Steinhoff - a top-down view on a bottom up story
All,
Steinhoff have published their FY 2018 accounts (12 months through September). There are a lot of new bits of information in the release, but the consolidated view is hardly the way to go with Steinhoff. For our bottom-up / entity priority analysis (still to be updated, but not materially) click here.
The consolidated view is highly distorted and we ourselves are certainly not looking at the company in this way. However, within the confines of “interesting”, Let’s have a look at it anyhow.
Top-Down Metrics:
- Overall Net debt stood at 9bn and thus Adj. EBITDA leverage stood around 9.3x (adjusted for holding Conforama at Equity). Again, its not news, but it lends a top-down consolidated perspective.

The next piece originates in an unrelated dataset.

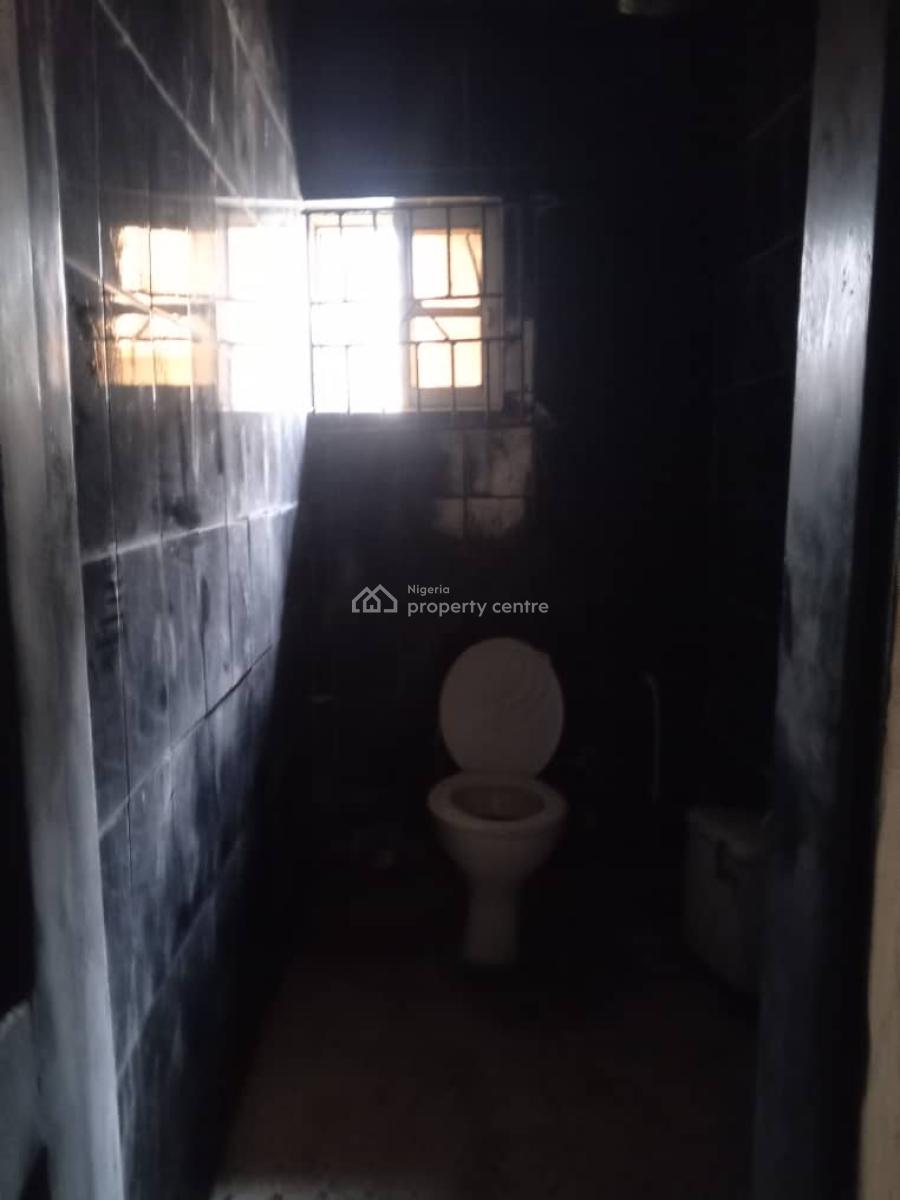 Lovely Standard and Executive 3bedroom, Yaba, Lagos, Flat / Apartment for Rent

- OCF was flat, due to strong WC outflows. If following a restructuring these outflows can be reversed (very broad assumption), then that could delever the company by a good half turn.
Normalised Top-Down view:
So a back of the envelope on E960m of Adj. EBITDA, EV = E5.8bn at 6x. Add a generous E1bn of excess cash (after having re-claimed some WC) and creditors should recover an average of approx. 75c/E.
- Adj. EBITDA: E960m
- Taxes: E-200m
- CapEx: E-500m
- Norm. FCF: E260m
Debt Service Capacity: E130m t 2x Interest Coverage
New Debt interest: 5%
Debt Capacity: E2.6bn
LTV: 45%.
=> So with some debt trading above and some below that value, perhaps the outlines of a future Steinhoff are beginning to take shape after all.
Upsides:
- It’s reasonable to assume that the company will be trading better once it puts the scandal and liquidity constraints behind it.
- Large minority shareholdings in turnaround stories Mattress Firm and Conforama
- Central and Eastern European Pepkor is on fire. The division was known to be doing very well, but now we have annual data for it. The UK arm appears to have offset some of the growth in profits.
- The company continues to hold valuable real estate assets that could be spun out at accretive multiples to the assumed 6x above.
Downsides:
- The execution risk is still high and shareholder litigation is yet to gather pace.
- LSW are still litigating.
We will be updating our bottom-up model in due course.